The lines to copy run from the one containing "DCM3213 DIEDERICHS Радиатор, охлаждение" to the last line of the entries; output those lines exactly and only them, without pictures.

================================

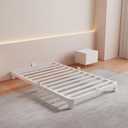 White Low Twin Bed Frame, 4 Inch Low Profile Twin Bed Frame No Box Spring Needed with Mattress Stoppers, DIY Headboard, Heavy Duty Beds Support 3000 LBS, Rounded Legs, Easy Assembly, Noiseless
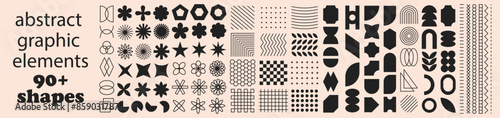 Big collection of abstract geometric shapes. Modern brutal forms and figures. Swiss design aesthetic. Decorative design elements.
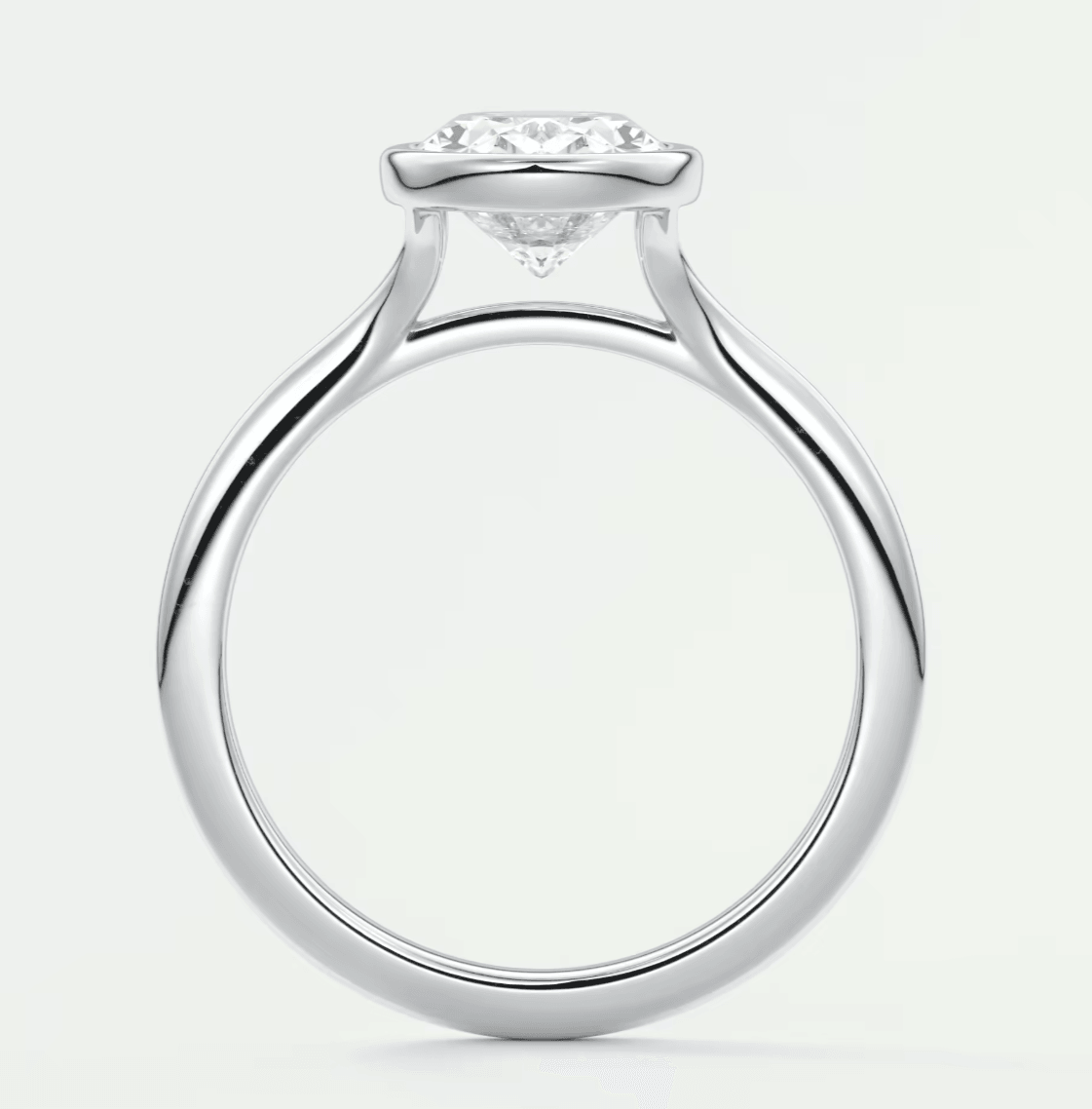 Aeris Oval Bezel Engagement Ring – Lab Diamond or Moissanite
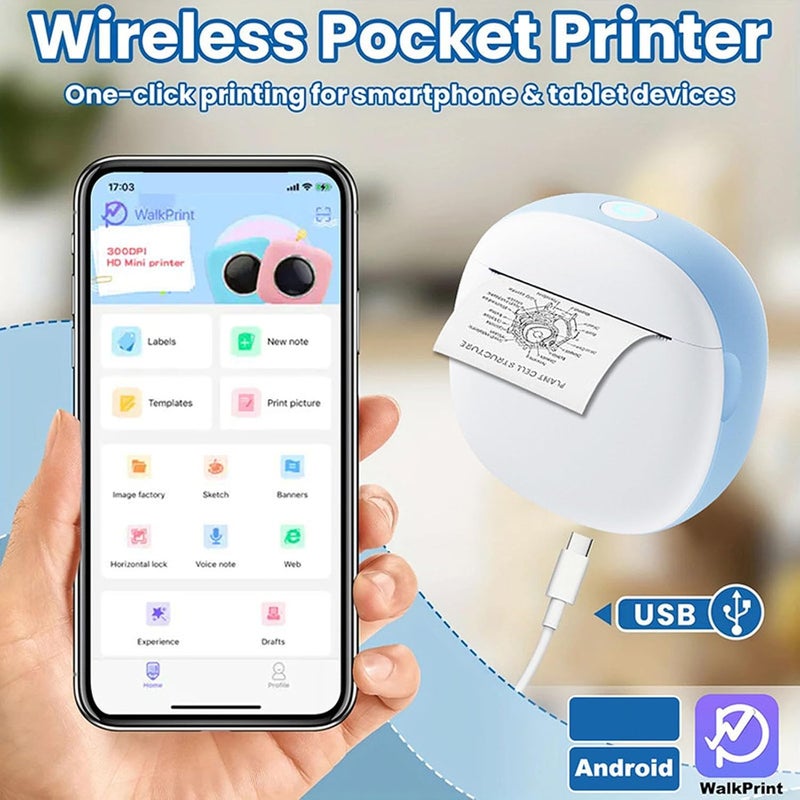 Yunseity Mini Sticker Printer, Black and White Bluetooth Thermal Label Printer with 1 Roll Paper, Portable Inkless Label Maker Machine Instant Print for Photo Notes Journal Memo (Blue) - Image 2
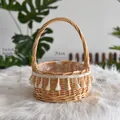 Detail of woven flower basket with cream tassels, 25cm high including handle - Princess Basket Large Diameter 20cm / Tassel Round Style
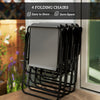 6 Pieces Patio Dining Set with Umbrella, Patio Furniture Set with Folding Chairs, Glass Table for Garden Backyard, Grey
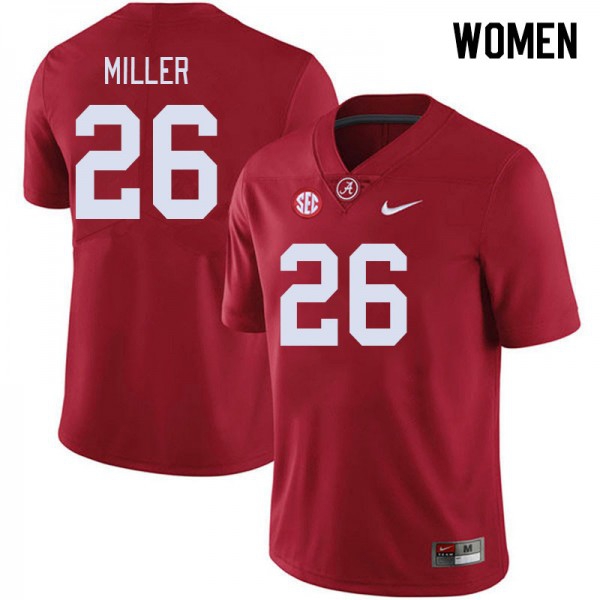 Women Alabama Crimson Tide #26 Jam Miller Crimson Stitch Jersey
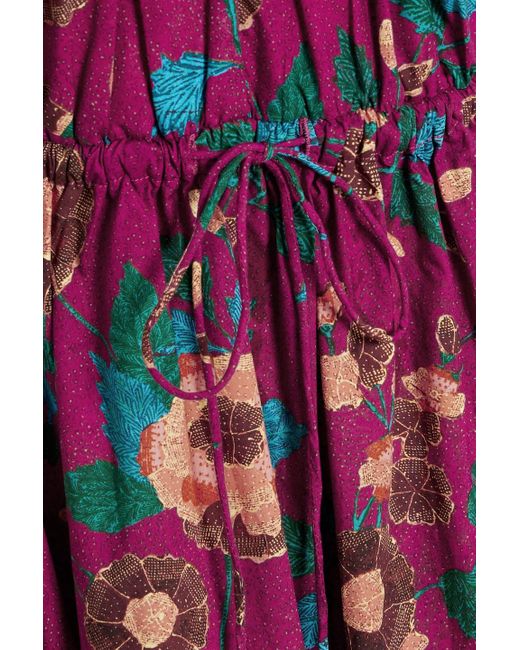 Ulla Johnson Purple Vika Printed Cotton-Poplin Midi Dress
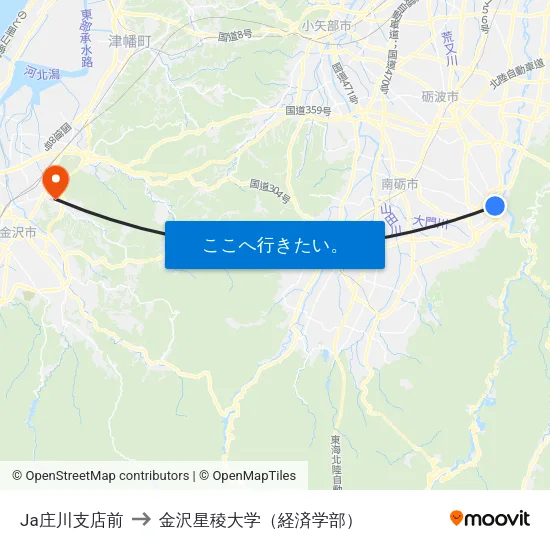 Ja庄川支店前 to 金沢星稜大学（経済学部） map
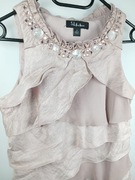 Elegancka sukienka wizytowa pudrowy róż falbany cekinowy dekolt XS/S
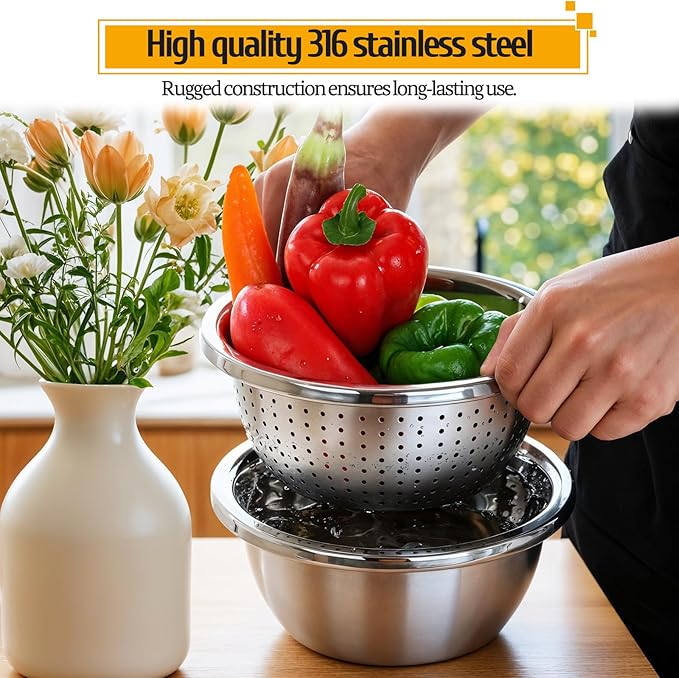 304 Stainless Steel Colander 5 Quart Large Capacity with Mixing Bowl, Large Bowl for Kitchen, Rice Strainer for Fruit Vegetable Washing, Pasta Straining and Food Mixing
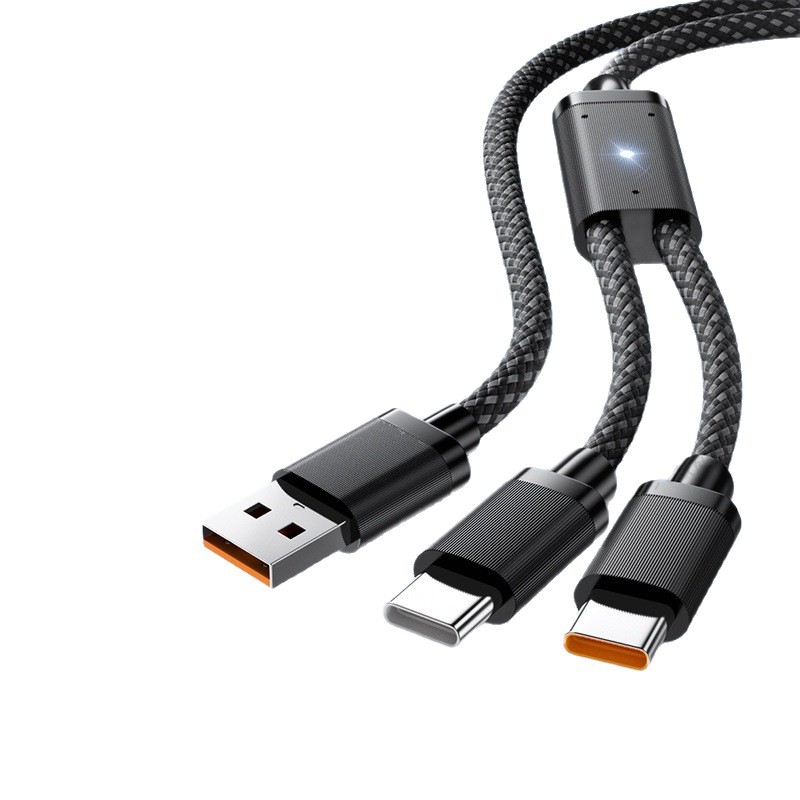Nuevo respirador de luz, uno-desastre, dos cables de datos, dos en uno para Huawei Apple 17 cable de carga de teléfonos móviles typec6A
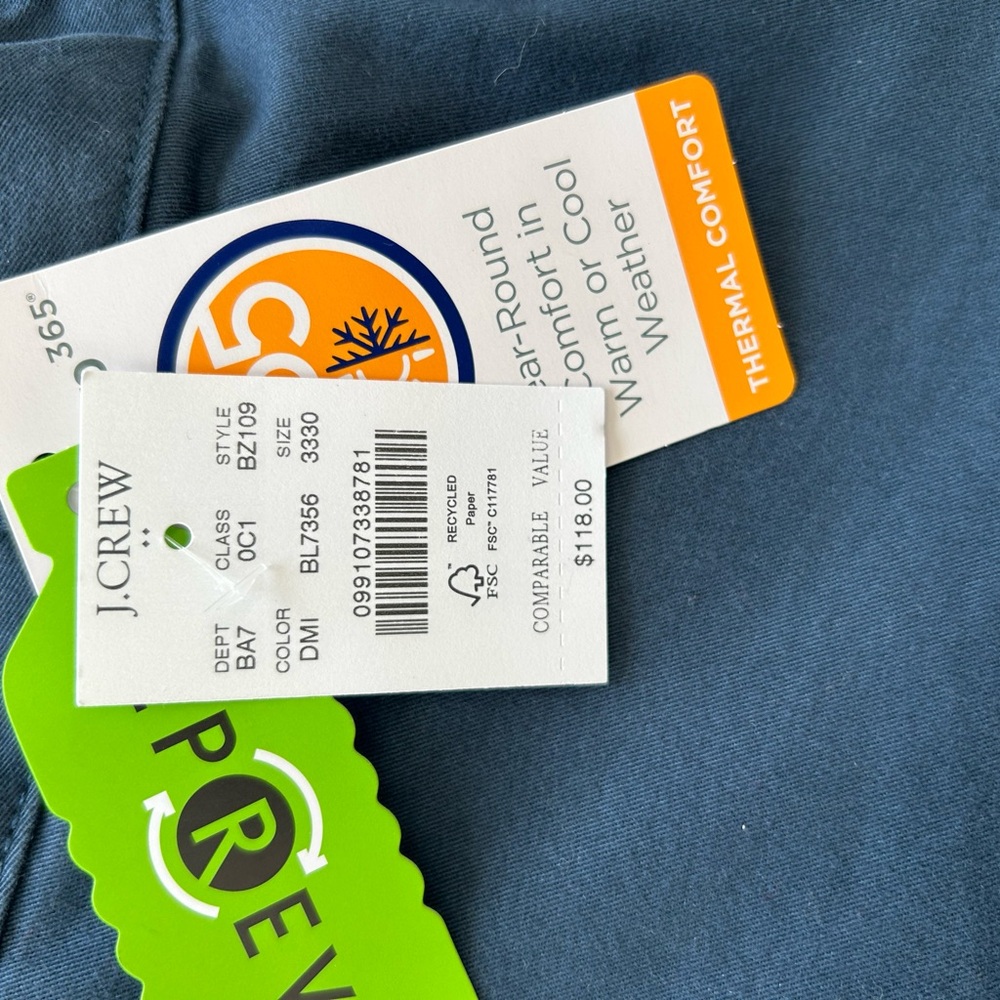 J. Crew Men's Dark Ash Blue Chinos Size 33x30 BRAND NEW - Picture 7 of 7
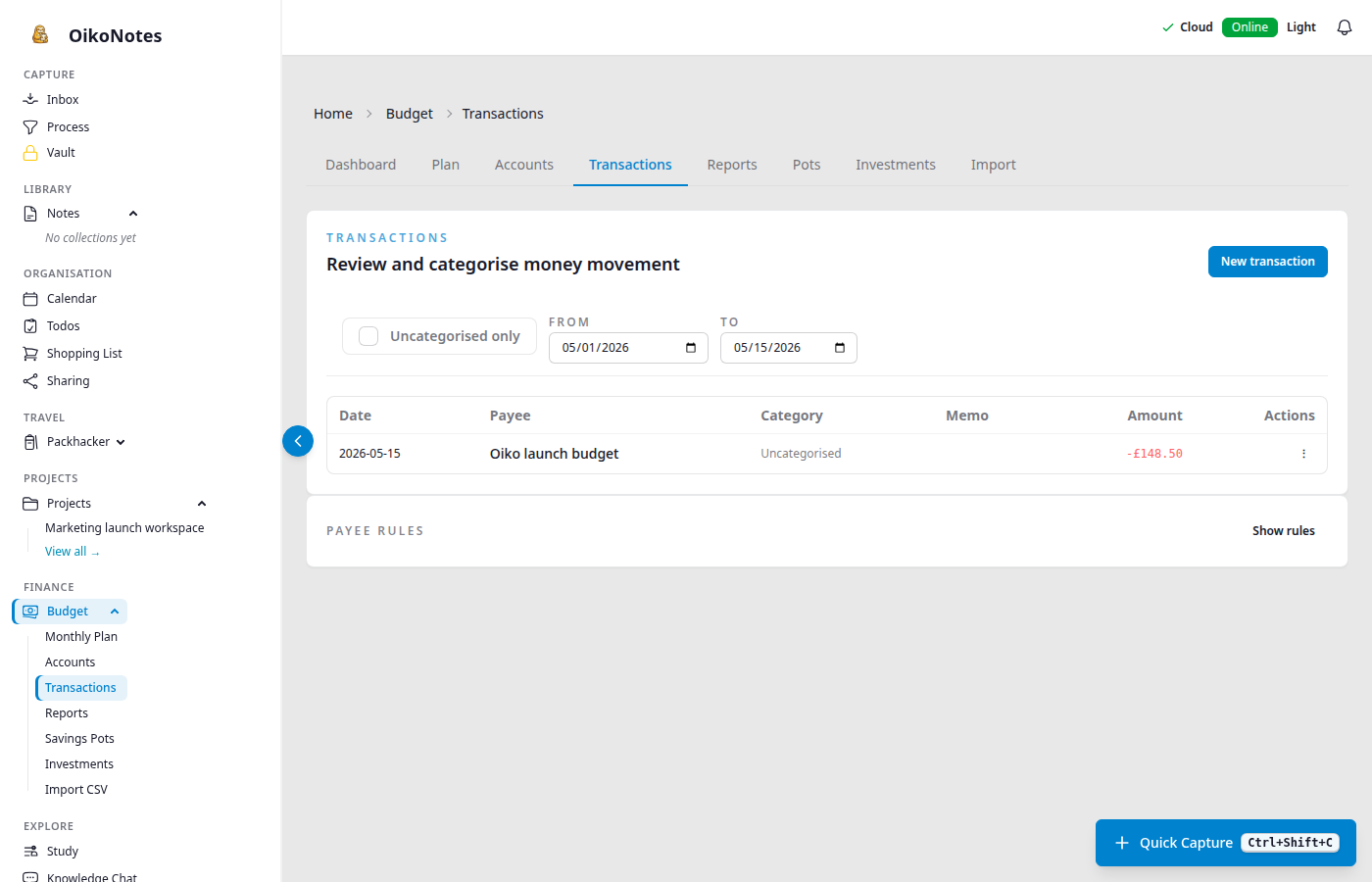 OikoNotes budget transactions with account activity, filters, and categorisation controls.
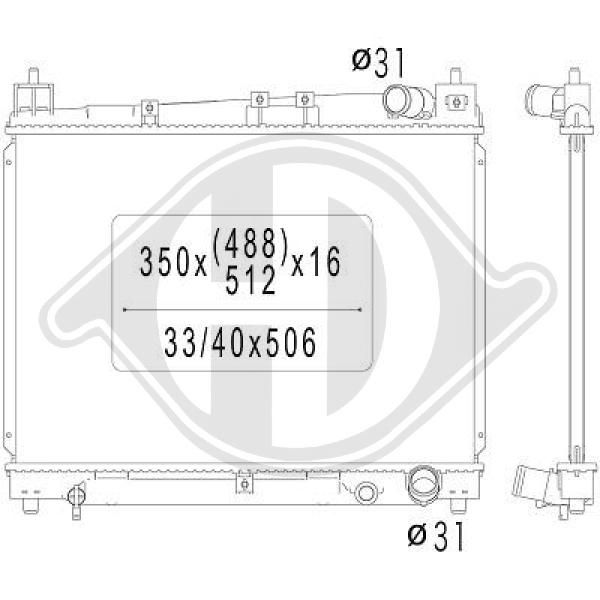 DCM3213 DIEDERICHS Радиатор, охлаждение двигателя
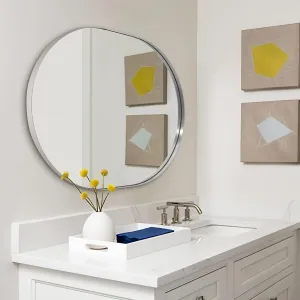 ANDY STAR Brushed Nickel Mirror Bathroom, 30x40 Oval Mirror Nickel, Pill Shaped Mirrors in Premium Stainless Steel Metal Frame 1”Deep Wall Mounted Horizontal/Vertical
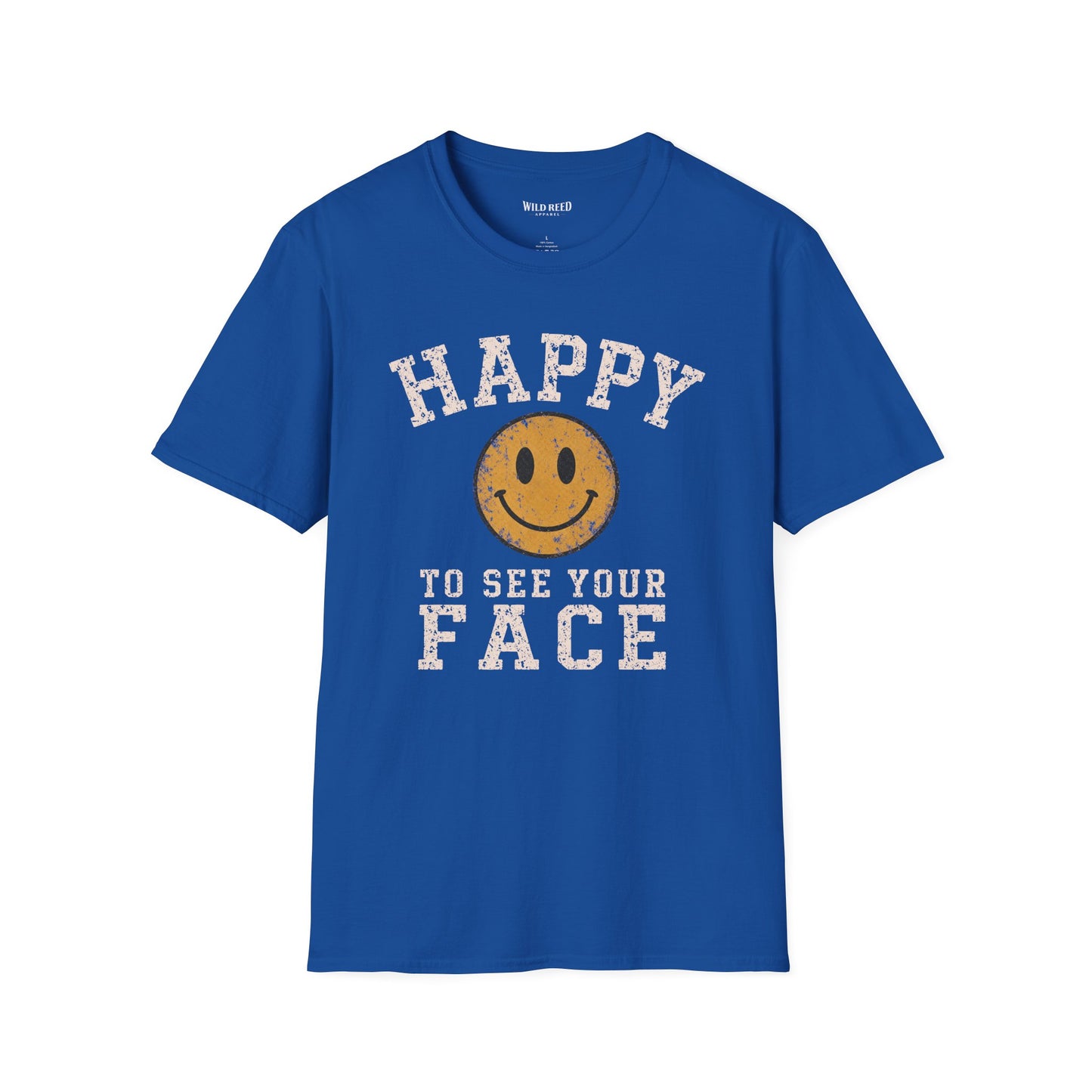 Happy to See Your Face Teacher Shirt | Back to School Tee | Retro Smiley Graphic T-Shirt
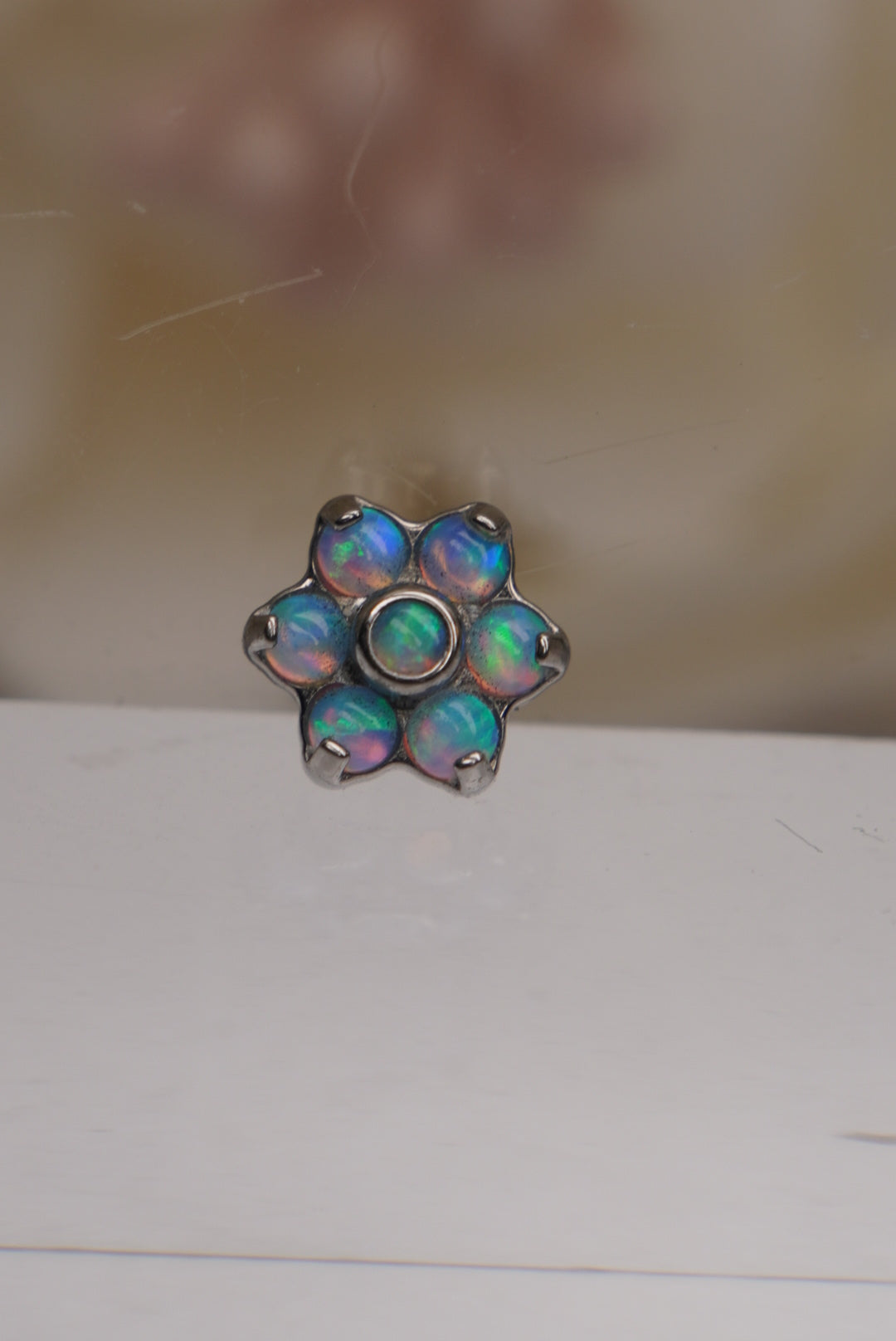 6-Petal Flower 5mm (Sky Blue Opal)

================================

REPLY ▸
 DCM3213 DIEDERICHS Радиатор, охлаждение двигателя
 ANDY STAR Brushed Nickel Mirror Bathroom, 30x40 Oval Mirror Nickel, Pill Shaped Mirrors in Premium Stainless Steel Metal Frame 1”Deep Wall Mounted Horizontal/Vertical
 Happy to See Your Face Teacher Shirt | Back to School Tee | Retro Smiley Graphic T-Shirt
 6-Petal Flower 5mm (Sky Blue Opal)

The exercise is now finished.